• What is required
Every line in the records below between the one holding "荧光蝴蝶小众情侣潮牌短袖T恤ins" and the one holding "Mese de noptiera", inclusive, is to be set down exactly; all other lines are to be left out.

====== Extracted material ======

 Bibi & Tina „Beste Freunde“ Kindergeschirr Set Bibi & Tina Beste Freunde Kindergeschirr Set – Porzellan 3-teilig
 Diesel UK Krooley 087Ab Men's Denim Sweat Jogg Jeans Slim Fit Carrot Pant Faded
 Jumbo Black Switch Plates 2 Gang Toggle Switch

======
====== Extracted material ======

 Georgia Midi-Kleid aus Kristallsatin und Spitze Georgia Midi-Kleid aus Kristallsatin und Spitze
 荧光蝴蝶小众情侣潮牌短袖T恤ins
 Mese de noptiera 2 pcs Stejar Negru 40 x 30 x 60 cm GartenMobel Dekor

======
====== Extracted material ======

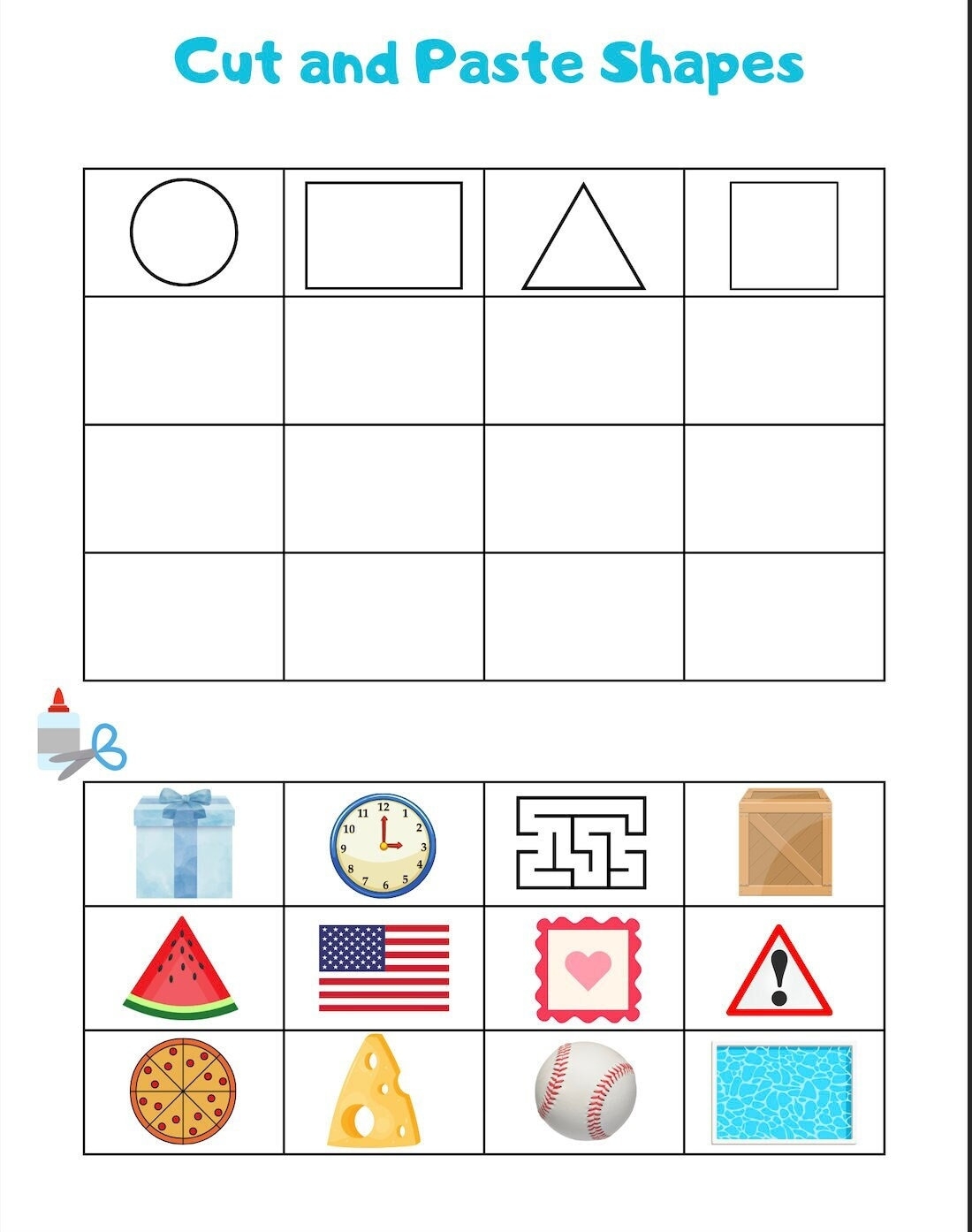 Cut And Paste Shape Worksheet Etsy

======

• Output of the exercise
 荧光蝴蝶小众情侣潮牌短袖T恤ins
 Mese de noptiera 2 pcs Stejar Negru 40 x 30 x 60 cm GartenMobel Dekor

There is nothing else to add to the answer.